En psychiatrie, un biais supplémentaire est introduit par le type de mesures effectuées pour évaluer l’efficacité d’un médicament. Dans ce cadre, les outils principaux sont les échelles de scores plutôt qu’une évaluation de la capacité d’une personne à reprendre le travail ou de la probabilité qu’elle commette un suicide.
Il en existe de quatre types différents :
1. des échelles de scores spécifiques pour une pathologie et basées sur l’évaluation d’un observateur, comme l’échelle de scores pour la dépression de Hamilton ;
3. une échelle d’évaluation du fonctionnement global indépendamment du type de pathologie basée sur l’évaluation d’un observateur ;
4. une échelle d’autoévaluation du fonctionnement global du patient indépendamment du type de pathologie basée en fonction des domaines de son existence qui lui importent (qualité de vie [QdV]).

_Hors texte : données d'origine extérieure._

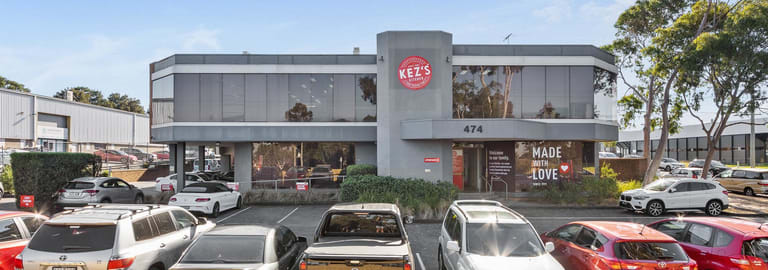 Offices commercial property sold at 474-478 Princes Highway Noble Park VIC 3174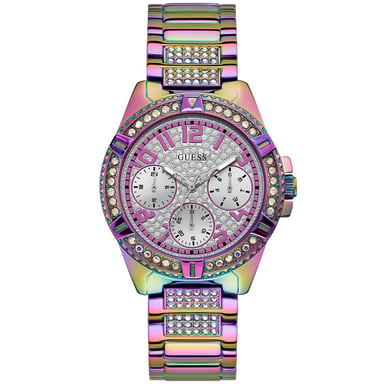 Guess GW0044L1 dames horloge met geïriseerde voorkant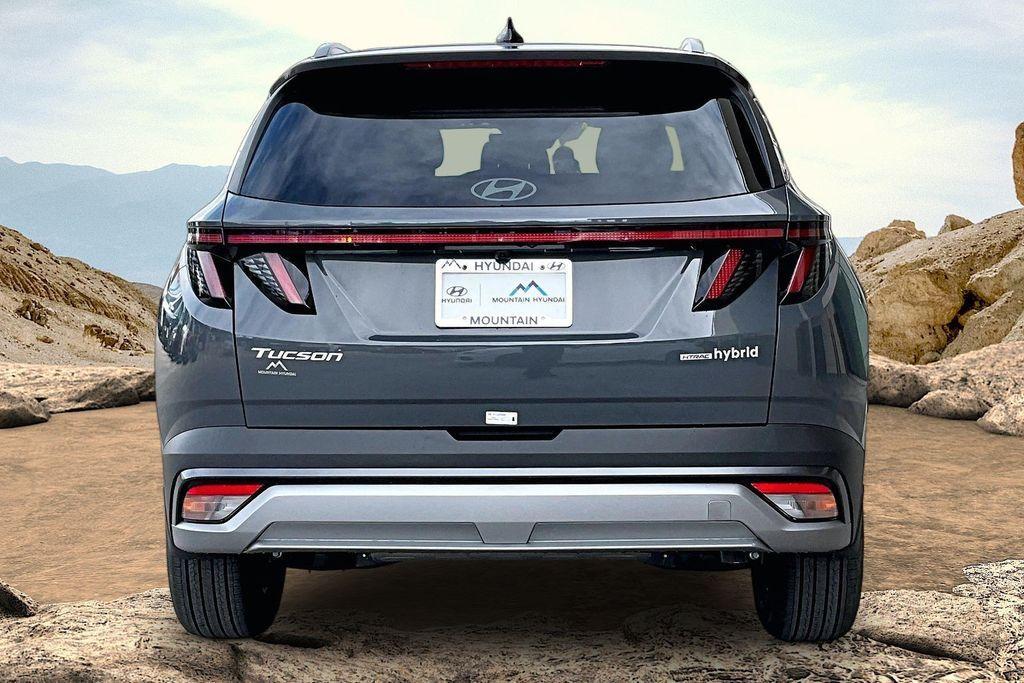 new 2026 Hyundai TUCSON Hybrid car, priced at $32,695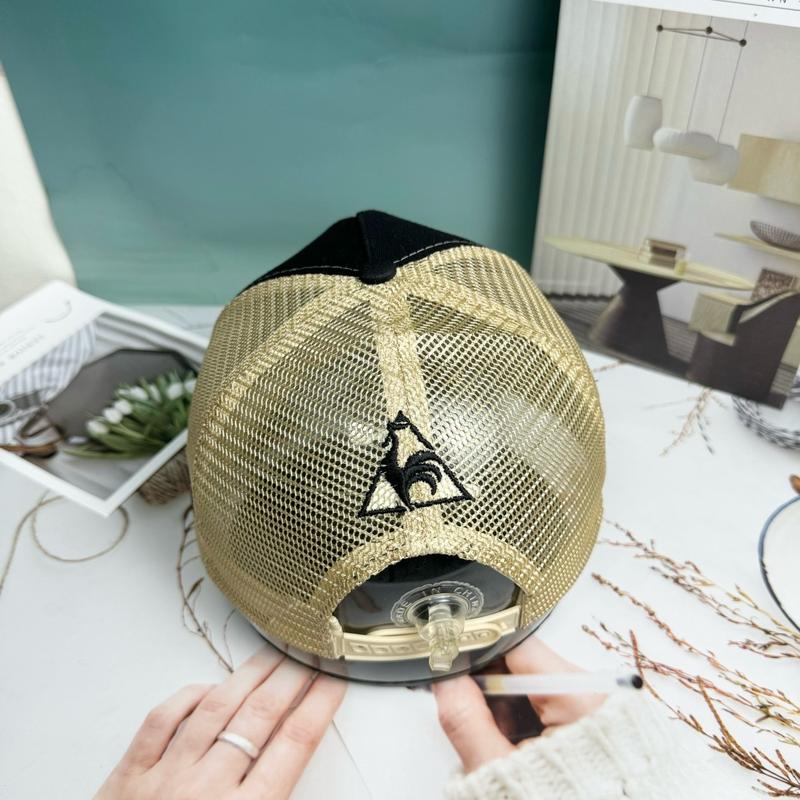 Nón lưỡi trai nam, nón nam con gà thêu phối lưới form đứng, M113 Hat 1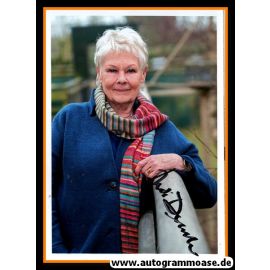Autogramm Film (UK) | Judi DENCH | 2000er Foto (Portrait Color XL) 1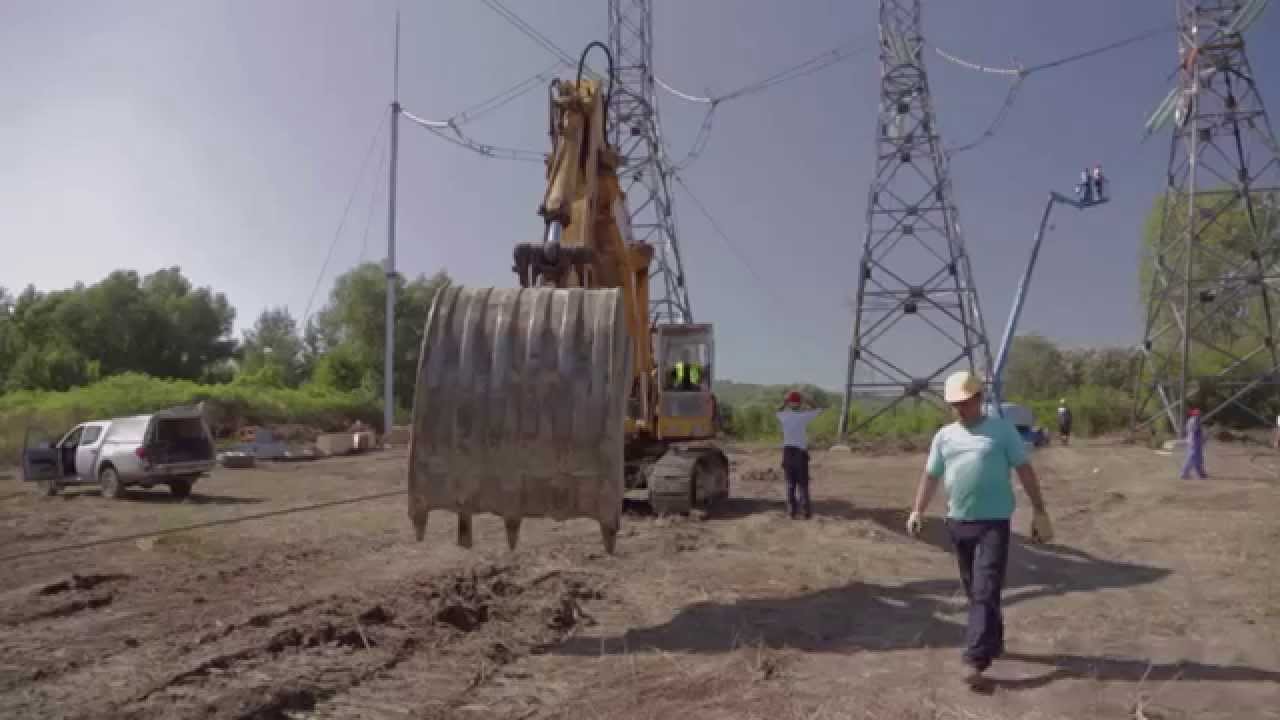 Energomontaža - Zamena 220 i 400 kV faznih provodnika na Dunavu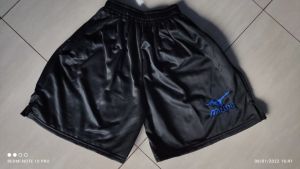 Celana Voli Cewek Belah Pinggir Press Body Logo di Bordil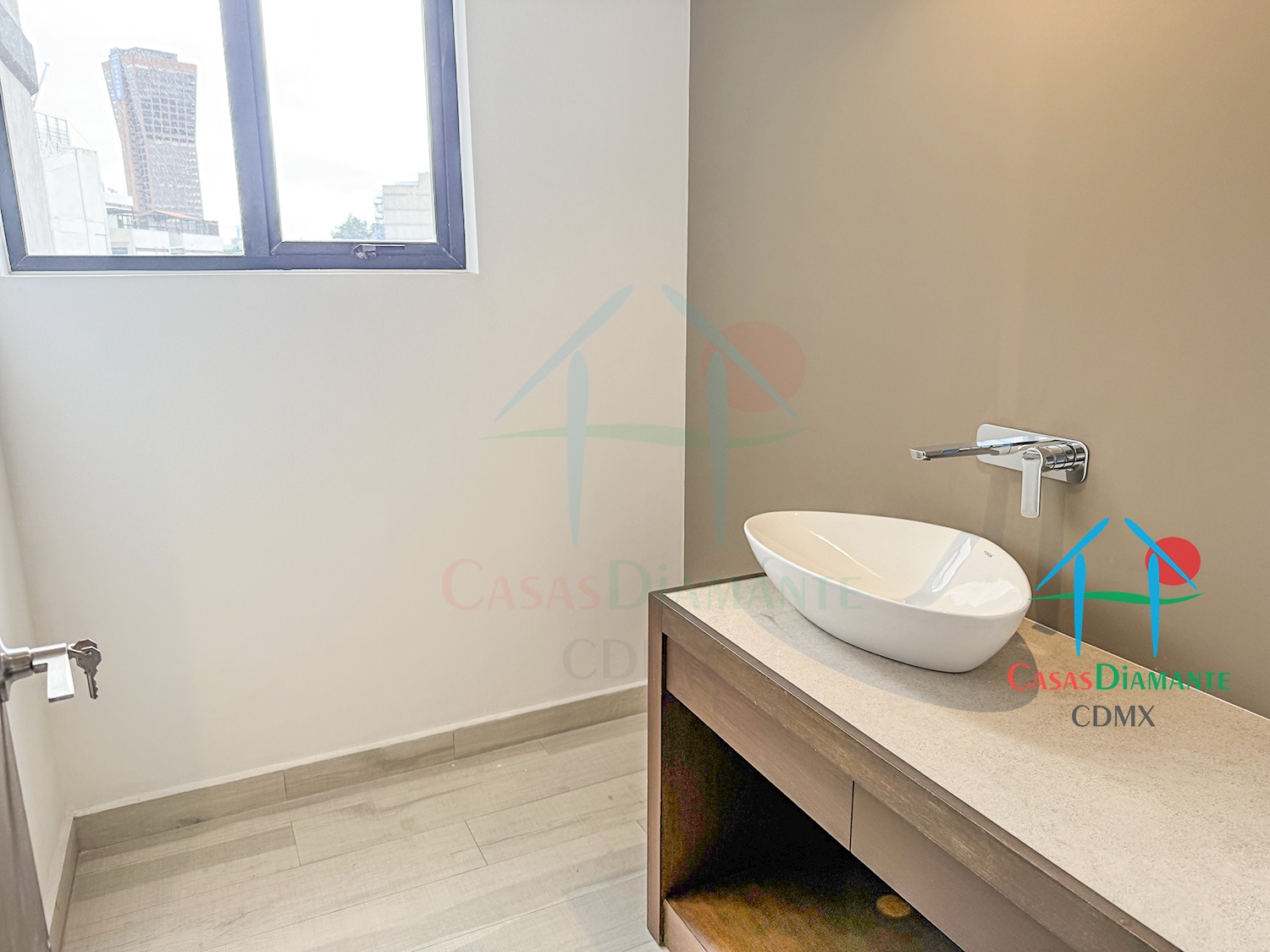 Del Valle Mariscal Sucre D - Baño de visitas 1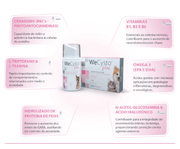 WeCysto Plus Gel 50ml - WeCysto Plus Suporte à Função Urinária de Cães e Gatos - PetDoctors - Loja Online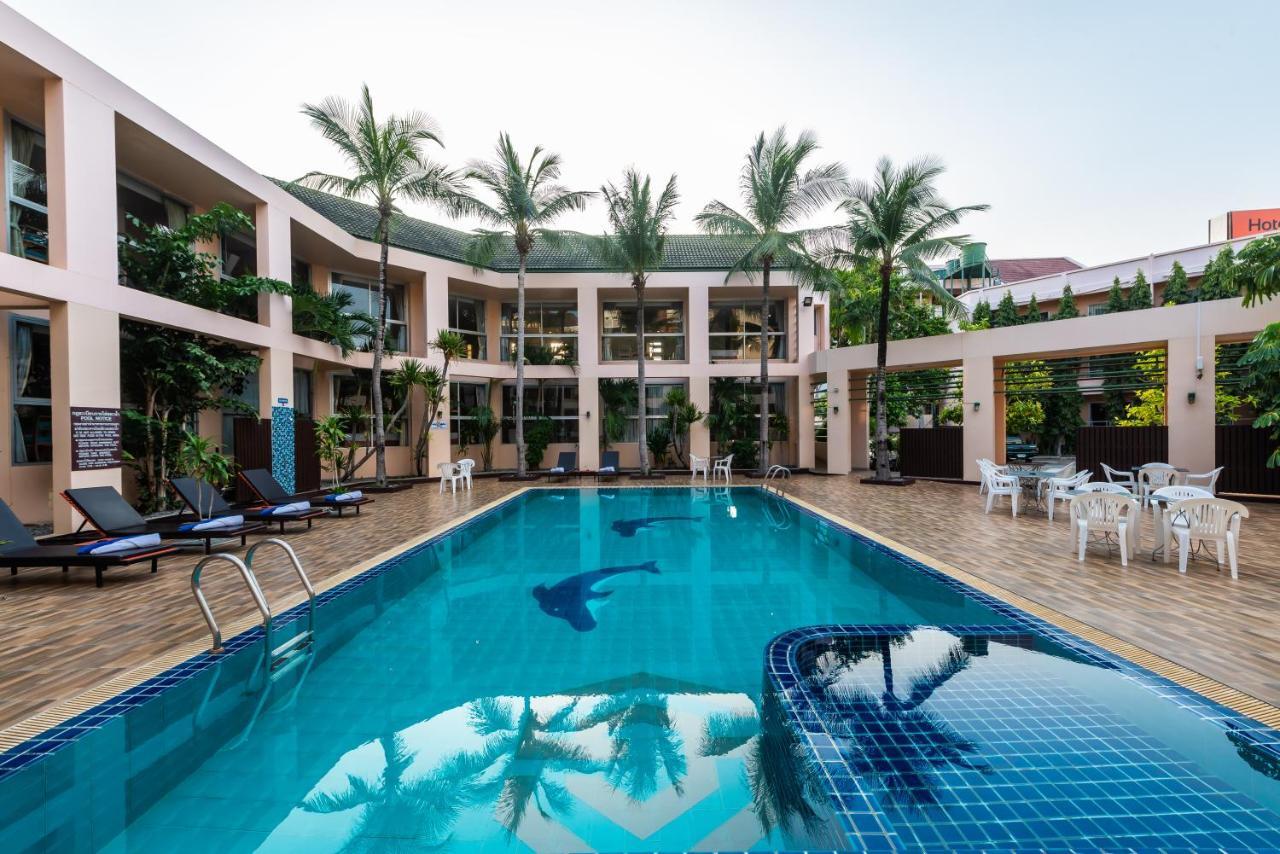 Gulf Siam Hotel & Resort Pattaya Exterior foto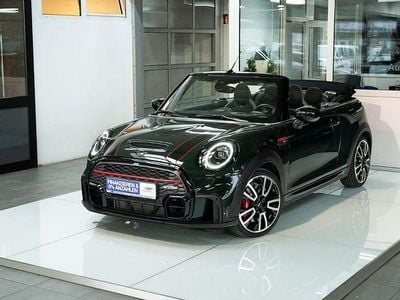 Grün Gebraucht 2022 Mini John Cooper Works Cabriolet Cabrio | 31.890 € (Guter Preis)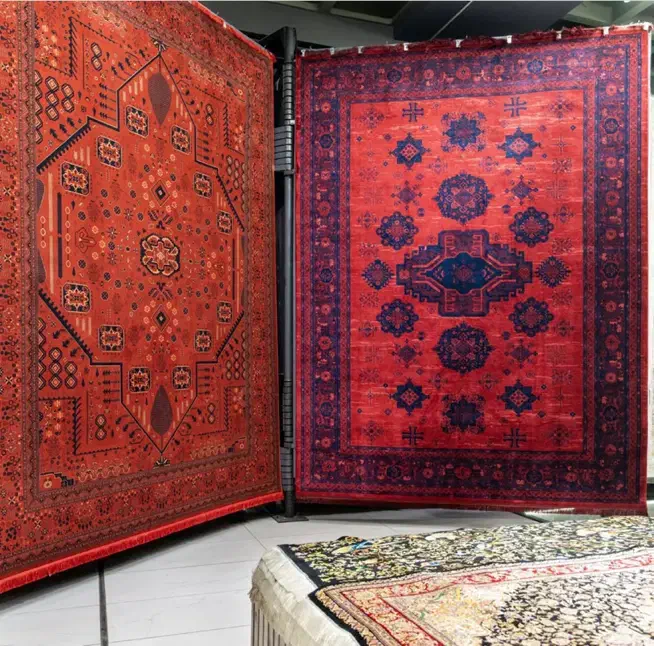 فرش۳۰۰۰تراکم/فرش و قالیچه مدرن/فرش کد۶۰۶۰|فرش|شیراز, لاله|دیوار
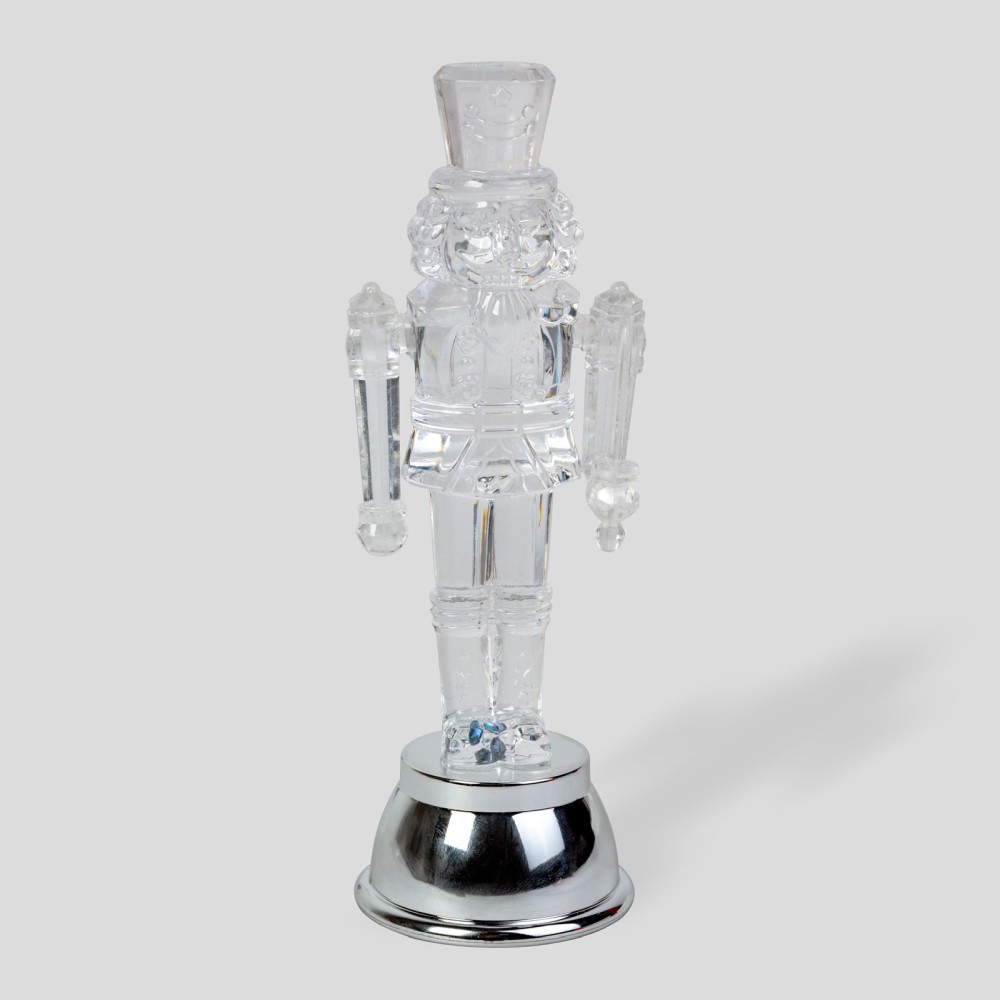 Decor soldat cu plumb, LED RGB, 15x5x5cm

Notre confiance se portera plus volontiers sur un traitement dont l’effet se vérifierait avec ces quatre types d’échelle. Dans la réalité, aucun antipsychotique ou antidépresseur n’a démontré un effet dans ces quatre dimensions. Dans le cas particulier des antidépresseurs, la démonstration des effets du traitement s’effectue dans la grande majorité des cas avec l’échelle de Hamilton. Dans les études sur les antidépresseurs inhibiteurs sélectifs de la recapture de la sérotonine (ISRS), l’échelle de QdV a été utilisée dans plusieurs centaines d’études avec des résultats positifs dans une dizaine d’entre elles.
Notons que dans les études sur les antipsychotiques ou les antidépresseurs, le nombre de décès est plus important dans le groupe qui reçoit le principe actif que dans le groupe placebo.
Ces traitements ne sont en rien comparables au fait de prendre de la pénicilline pour guérir une pneumonie. Si des scores convaincants avec les différents types d’échelles étaient disponibles, il resterait encore à prendre en compte le syndrome de sevrage avant de pouvoir décider si l’instauration d’un traitement est appropriée ou non.